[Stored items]
- - - - -

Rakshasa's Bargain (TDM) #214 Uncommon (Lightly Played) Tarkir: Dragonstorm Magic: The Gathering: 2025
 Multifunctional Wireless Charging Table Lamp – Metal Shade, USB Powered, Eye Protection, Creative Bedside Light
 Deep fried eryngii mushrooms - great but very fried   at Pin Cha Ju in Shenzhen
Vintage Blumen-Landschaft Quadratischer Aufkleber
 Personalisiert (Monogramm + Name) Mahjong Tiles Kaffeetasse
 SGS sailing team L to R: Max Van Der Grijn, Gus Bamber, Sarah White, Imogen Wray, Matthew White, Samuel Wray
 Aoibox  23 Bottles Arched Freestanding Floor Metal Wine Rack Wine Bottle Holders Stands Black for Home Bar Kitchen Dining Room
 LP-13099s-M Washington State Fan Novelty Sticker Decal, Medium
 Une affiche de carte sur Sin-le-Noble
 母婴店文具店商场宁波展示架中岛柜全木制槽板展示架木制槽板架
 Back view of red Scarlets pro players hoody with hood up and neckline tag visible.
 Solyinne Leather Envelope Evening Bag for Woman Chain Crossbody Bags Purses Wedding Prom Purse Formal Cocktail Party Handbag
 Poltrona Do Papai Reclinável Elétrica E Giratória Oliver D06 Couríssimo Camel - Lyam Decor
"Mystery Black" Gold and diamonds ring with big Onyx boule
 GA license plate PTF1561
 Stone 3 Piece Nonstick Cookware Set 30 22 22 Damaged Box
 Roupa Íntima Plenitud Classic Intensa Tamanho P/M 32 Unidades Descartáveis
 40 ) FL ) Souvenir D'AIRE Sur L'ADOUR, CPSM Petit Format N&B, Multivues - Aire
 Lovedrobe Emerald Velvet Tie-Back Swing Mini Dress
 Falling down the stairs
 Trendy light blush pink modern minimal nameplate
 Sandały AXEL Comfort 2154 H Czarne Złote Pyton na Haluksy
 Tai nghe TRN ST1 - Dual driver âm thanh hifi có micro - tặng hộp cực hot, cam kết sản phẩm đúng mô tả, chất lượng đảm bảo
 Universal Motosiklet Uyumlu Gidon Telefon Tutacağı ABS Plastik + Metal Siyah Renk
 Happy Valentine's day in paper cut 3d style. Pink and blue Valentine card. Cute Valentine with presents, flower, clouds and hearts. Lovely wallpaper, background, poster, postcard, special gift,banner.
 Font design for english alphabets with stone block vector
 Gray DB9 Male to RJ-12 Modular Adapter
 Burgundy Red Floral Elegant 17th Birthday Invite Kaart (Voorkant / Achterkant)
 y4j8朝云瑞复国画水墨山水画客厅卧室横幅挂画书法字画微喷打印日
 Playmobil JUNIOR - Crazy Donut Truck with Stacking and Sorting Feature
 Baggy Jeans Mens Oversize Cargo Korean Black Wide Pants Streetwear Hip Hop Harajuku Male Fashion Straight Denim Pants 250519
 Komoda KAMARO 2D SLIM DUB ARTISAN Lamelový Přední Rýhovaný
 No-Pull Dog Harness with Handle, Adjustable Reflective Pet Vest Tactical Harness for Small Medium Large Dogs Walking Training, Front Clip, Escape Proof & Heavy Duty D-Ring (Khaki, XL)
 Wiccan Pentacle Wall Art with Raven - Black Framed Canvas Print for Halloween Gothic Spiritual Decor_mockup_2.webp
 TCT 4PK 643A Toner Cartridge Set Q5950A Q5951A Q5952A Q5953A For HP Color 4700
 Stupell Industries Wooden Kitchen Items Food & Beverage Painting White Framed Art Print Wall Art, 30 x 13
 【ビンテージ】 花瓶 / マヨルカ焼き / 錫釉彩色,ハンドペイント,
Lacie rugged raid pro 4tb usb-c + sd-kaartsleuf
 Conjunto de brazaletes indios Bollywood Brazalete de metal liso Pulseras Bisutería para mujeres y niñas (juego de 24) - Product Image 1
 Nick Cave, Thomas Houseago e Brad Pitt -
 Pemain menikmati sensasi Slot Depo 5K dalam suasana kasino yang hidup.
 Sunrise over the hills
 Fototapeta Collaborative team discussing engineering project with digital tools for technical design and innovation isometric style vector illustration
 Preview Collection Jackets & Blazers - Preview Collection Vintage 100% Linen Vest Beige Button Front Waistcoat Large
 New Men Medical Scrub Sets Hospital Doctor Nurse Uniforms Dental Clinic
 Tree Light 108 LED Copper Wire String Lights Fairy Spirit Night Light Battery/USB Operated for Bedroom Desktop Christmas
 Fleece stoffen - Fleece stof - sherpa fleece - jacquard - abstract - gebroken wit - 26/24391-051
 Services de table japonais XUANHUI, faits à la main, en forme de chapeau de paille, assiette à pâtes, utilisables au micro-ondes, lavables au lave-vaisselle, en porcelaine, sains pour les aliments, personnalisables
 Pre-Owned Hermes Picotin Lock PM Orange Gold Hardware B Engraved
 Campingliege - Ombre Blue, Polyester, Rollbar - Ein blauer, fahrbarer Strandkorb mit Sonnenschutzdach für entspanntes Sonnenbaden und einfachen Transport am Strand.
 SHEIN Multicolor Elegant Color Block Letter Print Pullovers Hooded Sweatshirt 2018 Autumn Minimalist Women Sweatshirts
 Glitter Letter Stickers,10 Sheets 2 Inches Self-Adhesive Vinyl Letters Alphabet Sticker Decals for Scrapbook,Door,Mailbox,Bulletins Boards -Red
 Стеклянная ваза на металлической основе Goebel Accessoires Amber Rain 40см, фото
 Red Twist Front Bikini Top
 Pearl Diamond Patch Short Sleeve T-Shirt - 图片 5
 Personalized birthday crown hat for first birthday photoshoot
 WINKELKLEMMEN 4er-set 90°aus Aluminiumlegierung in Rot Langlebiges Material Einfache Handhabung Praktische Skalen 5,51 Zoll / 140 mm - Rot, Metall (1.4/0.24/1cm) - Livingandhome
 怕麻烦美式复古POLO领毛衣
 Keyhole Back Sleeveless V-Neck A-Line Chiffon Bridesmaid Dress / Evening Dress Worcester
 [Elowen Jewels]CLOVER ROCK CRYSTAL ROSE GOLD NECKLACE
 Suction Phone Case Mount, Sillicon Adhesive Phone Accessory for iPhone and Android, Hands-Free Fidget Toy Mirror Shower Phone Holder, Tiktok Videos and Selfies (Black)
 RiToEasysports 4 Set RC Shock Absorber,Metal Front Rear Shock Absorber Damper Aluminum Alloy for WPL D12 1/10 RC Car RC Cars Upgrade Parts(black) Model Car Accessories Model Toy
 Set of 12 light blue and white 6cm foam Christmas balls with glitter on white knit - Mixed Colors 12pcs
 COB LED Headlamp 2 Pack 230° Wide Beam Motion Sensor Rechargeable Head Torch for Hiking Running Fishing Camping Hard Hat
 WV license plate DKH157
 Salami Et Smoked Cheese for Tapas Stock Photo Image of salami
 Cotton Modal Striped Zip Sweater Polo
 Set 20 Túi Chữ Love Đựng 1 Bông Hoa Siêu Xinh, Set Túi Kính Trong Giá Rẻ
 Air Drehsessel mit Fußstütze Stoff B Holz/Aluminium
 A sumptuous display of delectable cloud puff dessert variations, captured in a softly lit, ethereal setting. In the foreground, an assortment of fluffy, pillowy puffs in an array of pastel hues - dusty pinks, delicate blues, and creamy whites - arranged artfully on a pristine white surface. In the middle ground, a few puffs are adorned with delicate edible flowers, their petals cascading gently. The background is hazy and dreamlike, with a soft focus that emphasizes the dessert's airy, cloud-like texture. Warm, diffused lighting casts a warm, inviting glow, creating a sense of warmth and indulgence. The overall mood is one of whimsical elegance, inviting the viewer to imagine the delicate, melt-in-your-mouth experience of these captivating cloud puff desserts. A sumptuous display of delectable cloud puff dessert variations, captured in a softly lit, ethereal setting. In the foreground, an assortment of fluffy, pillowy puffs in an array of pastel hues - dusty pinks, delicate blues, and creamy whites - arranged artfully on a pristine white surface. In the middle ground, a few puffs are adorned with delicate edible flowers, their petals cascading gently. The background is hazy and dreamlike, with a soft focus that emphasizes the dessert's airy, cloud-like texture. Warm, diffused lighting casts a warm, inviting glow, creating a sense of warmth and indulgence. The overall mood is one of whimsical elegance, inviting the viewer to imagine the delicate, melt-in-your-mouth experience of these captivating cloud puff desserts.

- - - - -

• YOUR ASSIGNMENT: Exactly and only the lines from the one containing "WV license plate DKH157" to the end of the entries above are to be written out.

• ANSWER TO THIS EXERCISE:
 WV license plate DKH157
 Salami Et Smoked Cheese for Tapas Stock Photo Image of salami
 Cotton Modal Striped Zip Sweater Polo
 Set 20 Túi Chữ Love Đựng 1 Bông Hoa Siêu Xinh, Set Túi Kính Trong Giá Rẻ
 Air Drehsessel mit Fußstütze Stoff B Holz/Aluminium
 A sumptuous display of delectable cloud puff dessert variations, captured in a softly lit, ethereal setting. In the foreground, an assortment of fluffy, pillowy puffs in an array of pastel hues - dusty pinks, delicate blues, and creamy whites - arranged artfully on a pristine white surface. In the middle ground, a few puffs are adorned with delicate edible flowers, their petals cascading gently. The background is hazy and dreamlike, with a soft focus that emphasizes the dessert's airy, cloud-like texture. Warm, diffused lighting casts a warm, inviting glow, creating a sense of warmth and indulgence. The overall mood is one of whimsical elegance, inviting the viewer to imagine the delicate, melt-in-your-mouth experience of these captivating cloud puff desserts. A sumptuous display of delectable cloud puff dessert variations, captured in a softly lit, ethereal setting. In the foreground, an assortment of fluffy, pillowy puffs in an array of pastel hues - dusty pinks, delicate blues, and creamy whites - arranged artfully on a pristine white surface. In the middle ground, a few puffs are adorned with delicate edible flowers, their petals cascading gently. The background is hazy and dreamlike, with a soft focus that emphasizes the dessert's airy, cloud-like texture. Warm, diffused lighting casts a warm, inviting glow, creating a sense of warmth and indulgence. The overall mood is one of whimsical elegance, inviting the viewer to imagine the delicate, melt-in-your-mouth experience of these captivating cloud puff desserts.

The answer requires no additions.